Multi-use stadium in Buenos Aires, Argentina

The Estadio Belgrano Athletic, popularly known as Virrey del Pino (as the name of the street where it is located on) is a stadium located in the Belgrano neighborhood of Buenos Aires, Argentina. It is owned and operated by Belgrano Athletic Club, and has a capacity of 500 spectators.

The stadium serves as BAC's home venue for its rugby union and cricket matches. In the past, Virrey del Pino also hosted football matches until 1916 when the club disaffiliated from AFA and abandoned the practise of the sport.

Having been acquired by the club in 1902, the stadium is one of the oldest sports venues in existence in the city of Buenos Aires.

== History ==
Soon after being established, Belgrano A.C. set its headquarters in the land located on Virrey del Pino and Superí streets, which was rented to the heirs of F. Chas. Nevertheless, the club would move after the owner forced it to buy the land. As Belgrano A.C. did not have the funds, they were evicted from it.

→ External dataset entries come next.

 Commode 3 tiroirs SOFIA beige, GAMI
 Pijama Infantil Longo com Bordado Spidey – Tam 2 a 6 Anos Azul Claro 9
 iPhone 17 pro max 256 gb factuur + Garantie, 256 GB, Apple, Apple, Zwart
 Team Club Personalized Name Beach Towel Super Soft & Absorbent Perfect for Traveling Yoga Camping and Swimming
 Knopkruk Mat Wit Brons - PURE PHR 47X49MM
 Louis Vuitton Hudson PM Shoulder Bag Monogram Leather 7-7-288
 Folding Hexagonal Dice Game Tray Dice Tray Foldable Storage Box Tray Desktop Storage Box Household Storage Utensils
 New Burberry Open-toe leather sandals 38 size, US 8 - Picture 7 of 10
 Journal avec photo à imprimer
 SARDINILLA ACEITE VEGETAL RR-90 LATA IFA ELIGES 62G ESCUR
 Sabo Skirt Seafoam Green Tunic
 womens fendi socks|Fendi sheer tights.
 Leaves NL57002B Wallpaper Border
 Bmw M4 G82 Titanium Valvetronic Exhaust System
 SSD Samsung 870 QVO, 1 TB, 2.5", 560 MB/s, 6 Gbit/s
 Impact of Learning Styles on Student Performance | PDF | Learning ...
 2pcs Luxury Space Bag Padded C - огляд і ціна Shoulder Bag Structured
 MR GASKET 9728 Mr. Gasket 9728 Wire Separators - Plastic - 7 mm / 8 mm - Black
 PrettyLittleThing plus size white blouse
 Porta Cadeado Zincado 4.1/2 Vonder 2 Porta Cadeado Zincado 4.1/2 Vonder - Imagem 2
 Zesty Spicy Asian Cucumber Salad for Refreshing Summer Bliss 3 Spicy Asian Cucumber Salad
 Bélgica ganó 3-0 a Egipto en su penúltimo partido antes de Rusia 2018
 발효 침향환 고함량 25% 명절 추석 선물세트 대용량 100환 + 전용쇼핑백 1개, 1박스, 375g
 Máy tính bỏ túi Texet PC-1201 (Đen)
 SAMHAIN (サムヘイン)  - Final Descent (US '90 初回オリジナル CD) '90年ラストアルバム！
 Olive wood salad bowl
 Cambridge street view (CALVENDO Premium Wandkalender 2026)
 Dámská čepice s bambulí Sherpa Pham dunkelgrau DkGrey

Between 1899 and 1902 Belgrano A.C. played their home matches in a field located on La Pampa and Melián streets close to Buenos Aires English High School, until the club acquired a land on Superí street to H. W. Roberts and Charles E. Dickinson (who were also members of the club and, in the case of Dickinson, a notable footballer for Belgrano and also the Argentina national team, having been the scorer of the Argentina's first goal ever. Roberts and Dickinson had bought the lands years ago and they offered it to the club at the same price of the purchase.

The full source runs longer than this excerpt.